Northern California wildfires: Ten dead, emergency declared

By Ed Adamczyk and Danielle Haynes
Wildfires have destroyed some 1,500 structures in Northern California and killed 10 people. Photo courtesy the California Highway Patrol
1 of 2 | Wildfires have destroyed some 1,500 structures in Northern California and killed 10 people. Photo courtesy the California Highway Patrol

Oct. 9 (UPI) -- Ten people died Monday in California as wildfires ravaged the San Francisco Bay area, emergency officials said.

The Sonoma County Sheriff's Office confirmed seven fire-related deaths in the county, minutes after Cal Fire said two others died in the Atlas Fire in Napa County.


California Department of Forestry and Fire Protection assistant deputy director Daniel Berlant said one victim died in the Redwood Complex Fire in Mendocino County.

Earlier in the day, California Gov. Jerry Brown declared a state of emergency. The proclamation covers Napa, Sonoma and Yuba counties, areas famous in the wine industry. Brown said the fires threaten infrastructure, people and their homes.

"This is really serious. It's moving fast," he said. "It's not under control by any means."


Fire officials said more than 1,500 structures have burned so far, including homes. The fires have charred tens of thousands of acres. Napa County Fire Chief Barry Biermann said low humidity and a lack of resources have driven the fire.

"As of right now, with these conditions, we can't get in front of this fire and do anything about the forward progress," he said.

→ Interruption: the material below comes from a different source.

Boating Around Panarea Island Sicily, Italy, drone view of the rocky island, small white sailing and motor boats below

Fires throughout the region have been fanned by strong, dry northeastern winds. The National Weather Service reported four separate fires burning

Santa Rosa, Calif., Mayor Chris Coursey said the Tubbs Fire has also has destroyed structures. The Santa Rosa Police Department said the blaze jumped Highway 101 Monday morning and ignited structures near a shopping area, prompting another neighborhood evacuation. The Los Angeles Times reported the fire's burned 35,000 acres.

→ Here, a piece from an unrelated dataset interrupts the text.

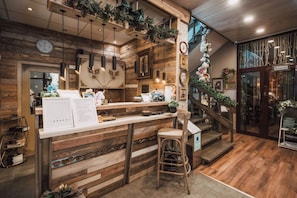 Interior de restaurante con mostrador de madera, taburetes de bar y una escalera con plantas.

"We've seen major devastation of several neighborhoods of Santa Rosa, both residential and commercial," Coursey told the Sacramento Bee. "The city has never seen anything like this."

"If you live near Cardinal Newman High School or Larkfield, it is time to evacuate," read a message from the Sonoma County Sheriff's Office.

Emergency dispatchers were overwhelmed with 911 calls and advised callers to only call if actual flames were spotted.


Up to 10 separate fires threaten Sonoma County, where officials evacuated Kaiser Permanente and Sutter Health hospitals.

Officials said Napa Country's Silverado Resort and Spa, which hosted a prominent golf event that ended Sunday, also was evacuated after it lost electrical power.

"We were sleeping, but we kept smelling smoke. It was surreal," tourist Chris Thomas told the San Francisco Gate. "When I started loading stuff into the car it was a hell-storm of smoke and ash. There were 30 to 40 mph winds. I couldn't even breathe."

Shelters were opened at the Calistoga Fairgrounds and a Napa church, and firefighters said their primary focus is on saving lives before fighting the flames.

The 1,000-acre Cherokee Fire in prompted evacuations in Oroville, Calif., and the 500-acre Lobo Fire threatened 7,000 to 8,000 homes in Nevada County. The Redwood Complex Fire injured one person in Mendocino County.

All told, fires in Northern California have so far burned a minimum of 45,000 acres.

The wind-driven fires have created hazardous air in parts of both counties, by sending burning embers across a large area.